Que, no dia da comemoração da democracia instaurada no 25 de Abril, veio fazer a apologia da sua inutilidade, aconselhando o País a preparar-se para acolher mais ou menos de joelhos os imperativos do novo poder global, de matriz financeiro-especulativa, que hoje corrói todos os regimes democráticos.

Só faltava mesmo a cereja no bolo: e ela apareceu com a insólita aposta de fazer o País caminhar para o consenso através da intensificação dos antagonismos e em apelar à convergência político-partidária estimulando a desconfiança na democracia!

Este passo é, todos o reconheceram, dificilmente compatível com as funções de representação nacional, de mediação institucional e de pedagogia política que deveria caracterizar o exercício presidencial. Não admira por isso que, com esta espiral paradoxística de Cavaco Silva, o País dê crescentes sinais de um novo tipo de fadiga, a fadiga presidencial...

É que há, no bizarro apelo ao consenso do Presidente da República, dois problemas: um de timing e outro de conceito. O de timing remete-nos para o ano de 2009, e para a incompreensão da gravidade da crise que era já então uma evidência, e que devia ter dado lugar a um pedagógico esforço de abertura e de realismo.

A situação deveria ter levado o Presidente da República a procurar então uma solução governamental maioritária, dado que um governo minoritário vive quase sempre num registo de preocupação diária com a sua sobrevivência, o que o torna necessariamente débil e fugaz, como mais uma vez se viu!...O Presidente da República deixou passar a oportunidade, como depois deixaria passar outras...

O que nos leva ao segundo ponto, o do conceito. O consenso remete sempre ora para uma identidade de valores ora para um acordo de objetivos. Mas nem num caso nem no outro se trata de dados adquiridos ou inequívocos, sobretudo numa comunidade em crise, como hoje acontece.

É justamente por isso que o consenso exige uma magistratura presidencial extremamente trabalhosa e exigente do ponto de vista da comunicação e da pedagogia . Eleito por sufrágio direto dos portugueses, autónomo em relação aos partidos, livre das pressões do curto prazo e do imediato, é dele que se espera uma atenção ao essencial que permita criar os laços e estabelecer as relações que as políticas partidárias hoje dificilmente conseguem tecer.

Para o fazer não basta, todavia, jurar a constituição perante o Parlamento. Exige-se mais, requere--se um desígnio, uma visão, um sinal que atraia e focalize a hoje tão disputada atenção dos cidadãos. Exige-se proximidade, afeto, cumplicidade, conversa - o contrário do estilo mestre-escola, em que Cavaco Silva se especializou.

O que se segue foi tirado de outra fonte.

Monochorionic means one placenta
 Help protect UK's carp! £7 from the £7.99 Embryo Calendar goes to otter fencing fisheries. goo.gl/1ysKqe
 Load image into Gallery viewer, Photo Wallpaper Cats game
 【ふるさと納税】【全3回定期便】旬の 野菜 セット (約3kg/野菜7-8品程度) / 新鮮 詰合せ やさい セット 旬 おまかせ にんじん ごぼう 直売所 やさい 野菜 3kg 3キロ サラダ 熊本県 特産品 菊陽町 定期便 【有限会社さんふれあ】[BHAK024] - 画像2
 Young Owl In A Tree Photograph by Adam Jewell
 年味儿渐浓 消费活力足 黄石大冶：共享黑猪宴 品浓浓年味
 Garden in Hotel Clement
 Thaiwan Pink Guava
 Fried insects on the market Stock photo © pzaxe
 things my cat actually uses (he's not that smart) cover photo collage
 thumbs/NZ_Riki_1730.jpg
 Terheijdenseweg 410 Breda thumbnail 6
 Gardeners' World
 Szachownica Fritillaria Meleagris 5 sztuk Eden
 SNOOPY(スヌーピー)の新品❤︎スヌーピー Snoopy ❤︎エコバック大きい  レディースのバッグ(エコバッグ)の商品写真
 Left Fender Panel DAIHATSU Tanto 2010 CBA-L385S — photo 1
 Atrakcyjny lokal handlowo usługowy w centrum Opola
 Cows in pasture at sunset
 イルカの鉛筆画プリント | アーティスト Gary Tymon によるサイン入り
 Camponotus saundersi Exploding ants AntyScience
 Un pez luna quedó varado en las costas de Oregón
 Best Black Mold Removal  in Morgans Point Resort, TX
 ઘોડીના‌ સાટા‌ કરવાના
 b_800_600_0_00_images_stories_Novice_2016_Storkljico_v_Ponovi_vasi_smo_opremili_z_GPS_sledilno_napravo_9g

É onde Cavaco Silva mais tem falhado. A sua reação à generalizada crítica que o seu discurso do 25 de Abril suscitou diz realmente tudo: " depois não digam que eu não avisei!", comentou. Na verdade, o seu magistério foi sempre estritamente funcional, burocrático, minimalista, no limite vertiginosamente apolítico!...Uma im- prudência porque, como a política tem horror ao vazio, mais tarde ou mais cedo os acontecimentos tinham de o colocar de novo na arena político-partidária. Foi o que aconteceu com o discurso do 25 de Abril.

Cavaco Silva não só falhou o alvo do seu apelo ao consenso, como perdeu o "momentum" em que o podia fazer com autoridade e eficácia. Resta-lhe agora, aos olhos dos portugueses, vacilar - para usar os termos do filósofo Jean-François Lyotard - entre o litígio e o diferendo: enquanto o primeiro pode ficar pela discordância mais ou menos acentuada, já o segundo conduz ao conflito e à guerra. O tempo o dirá.